1. A Orquestra Clássica da Madeira (doravante "OCM") teve origem na Orquestra de Câmara[1] da Madeira, é uma conhecida instituição de música clássica da Região Autónoma da Madeira, que integra músicos de reconhecido mérito nacional e internacional, e que apresenta concertos e programas musicais em Portugal e no estrangeiro.

2. A Associação Orquestra Clássica da Madeira (doravante "AOCM") com o NIPC 511029950 e com sede na Travessa das Capuchinhas, n° 4, na cidade do Funchal, é uma pessoa coletiva de utilidade pública e que tem como objeto a promoção e o ensino da arte e cultura, nomeadamente na área da música clássica.

3. Até ao ano de 2006 toda a atividade da OCM foi organizada e tutelada pela AOCM, nomeadamente, e não de forma exaustiva, na gestão dos concertos, da contratação dos músicos, aquisição de material, deslocações e viagens, orçamentação e pagamentos, bem como na gestão dos associados.

4. A Fundação Madeira Classic (doravante "FMC") com o NIPC 510399134 e com a sede na Travessa das C..., n° ..., na cidade do Funchal é uma fundação sem fins lucrativos criada pelo Governo Regional da Madeira e pela Associação Orquestra Clássica da Madeira em 8.03.2006, tendo como objeto principal a promoção da música, dinamização da cultura e prática musical e gestão de orquestras e agrupamentos de música erudita.

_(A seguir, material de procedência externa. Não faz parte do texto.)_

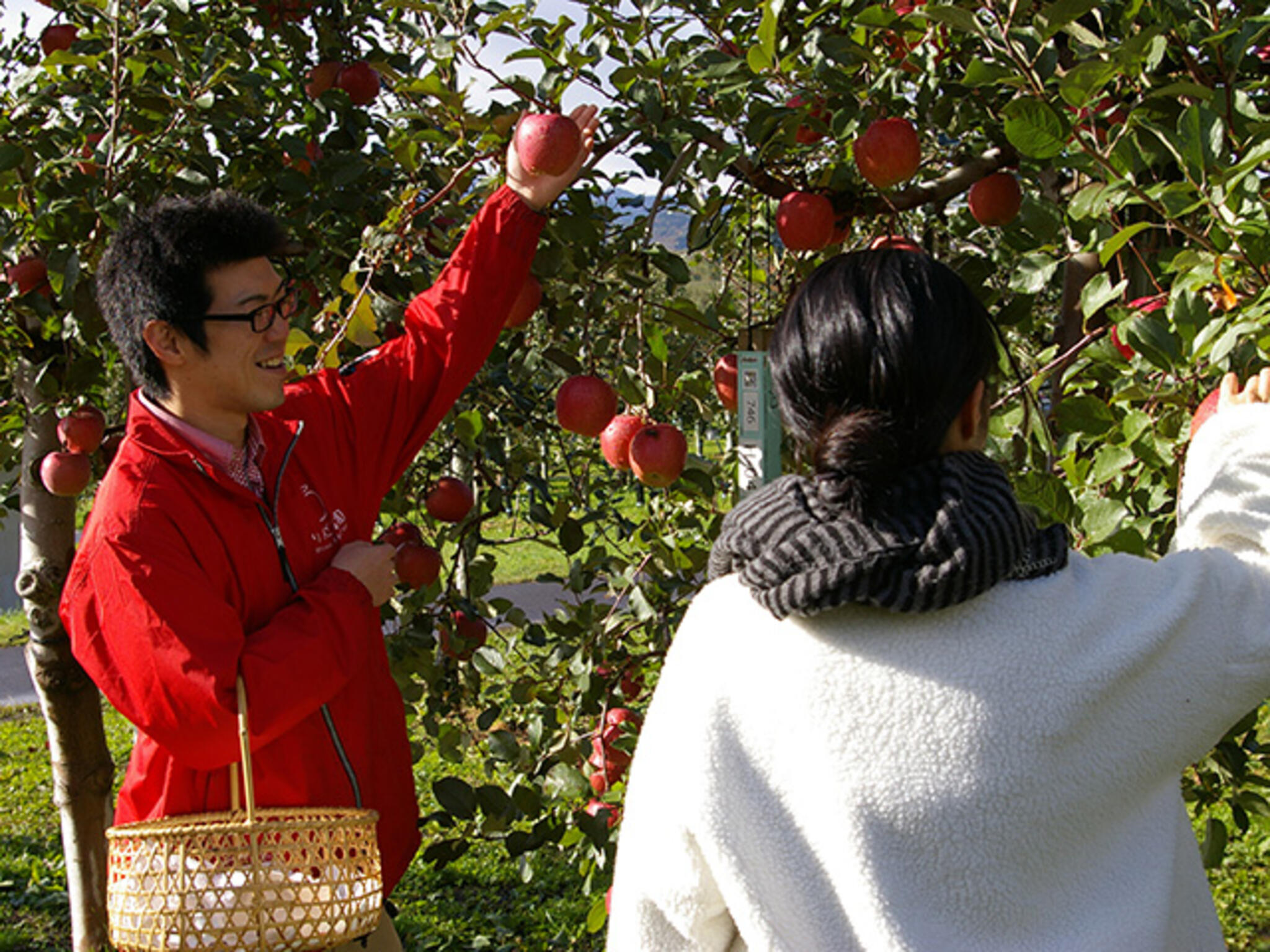弘前市りんご公園の代表写真10
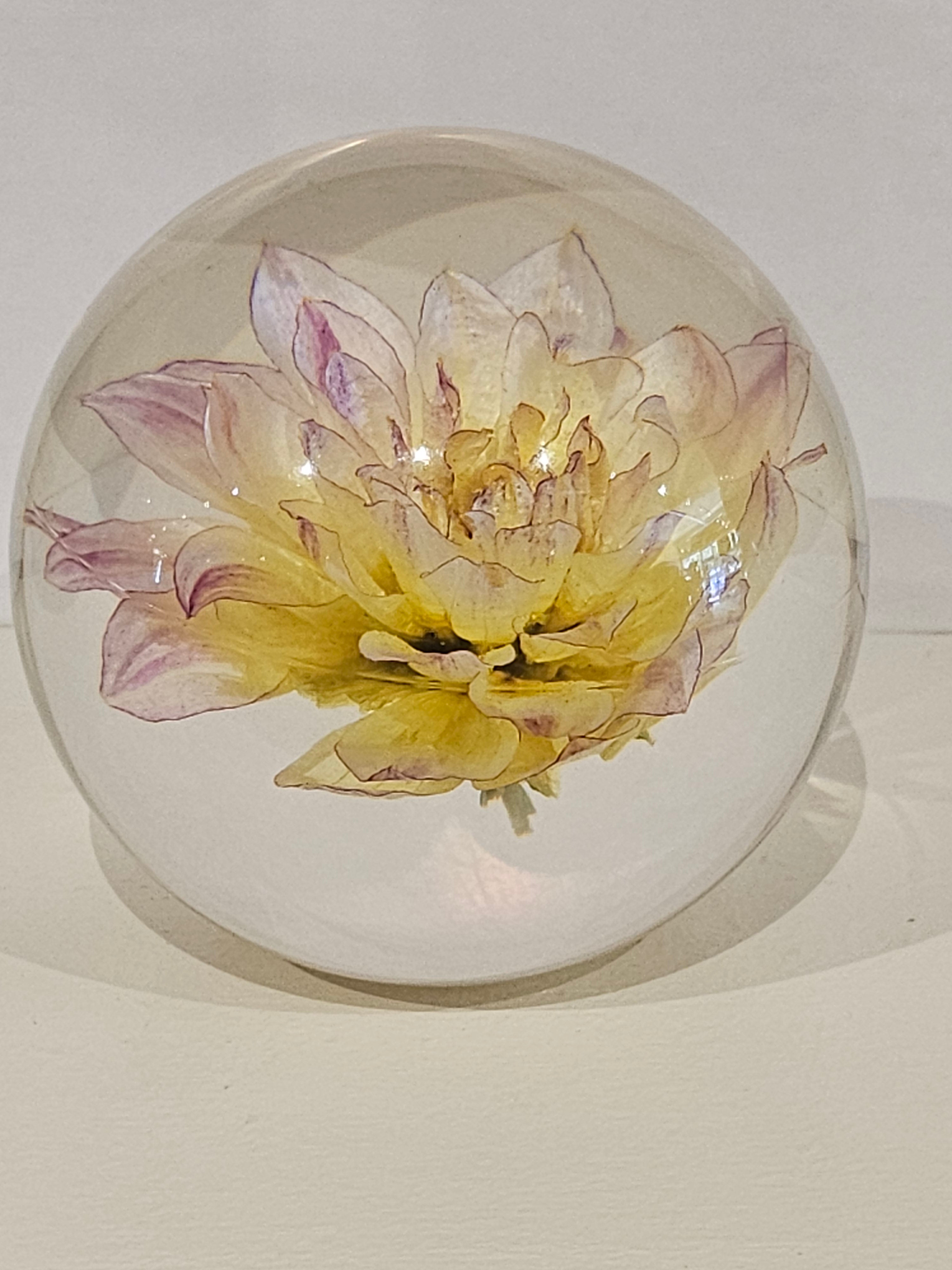 Glass Paperweight with Yellow Dahlia - 6680DHY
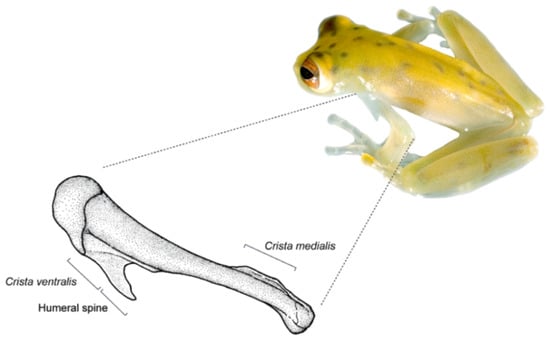 Diversity 12 00222 g007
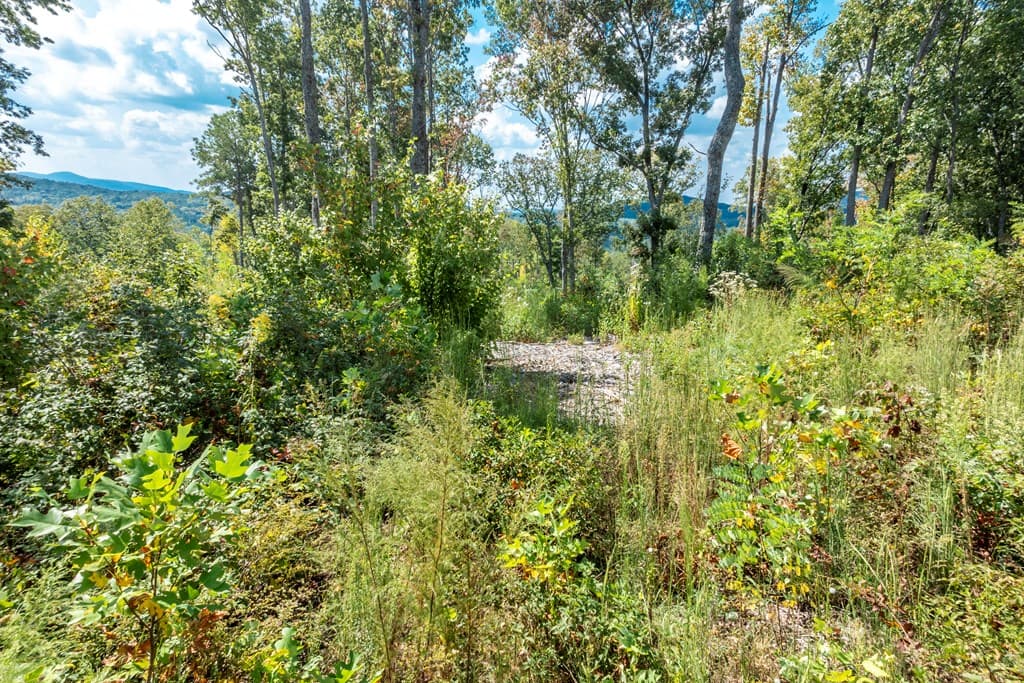 0 Highgrove Drive, Talking Rock GA 30175 - Photo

5. A partir da sua criação, em 2006, a sua principal atividade foi a gestão e dinamização da Orquestra Clássica da Madeira, substituindo nestas funções a AOCM, que passou apenas a fazer a gestão dos associados.

6. Em 6 de dezembro de 2012, por razões ligadas à alteração legislativa do regime das Fundações pela Lei n° 1/2012, de 3 de janeiro, por deliberação do plenário do Conselho do Governo, foi determinada a cessação da participação do Governo Regional da Madeira e a sua respetiva extinção, com efeitos a partir de 1.01.2013, em conformidade com a Resolução n° 1042/2012, publicada no JORAM, Ia Série, n° 167, de 14.12.2012.

7. A Associação Notas e Sinfonias Atlânticas (doravante "ANSA"), com o NIPC 510643370 e com a sua sede na Av. ..., n° ..., na cidade do Funchal é uma instituição de direito privada sem fins lucrativos e tem como objeto principal a gestão e dinamização da Orquestra Clássica da Madeira.

8. A ANSA formalizada pela escritura pública no dia 27.05.2013 veio no seguimento da Resolução n° 469/2013 do Governo Regional da Madeira, que autorizou a participação do Governo Regional como sócio fundador da ANSA, sob o expresso desígnio desta gerir e dinamizar a COM, bem como tem uma participação da AOCM.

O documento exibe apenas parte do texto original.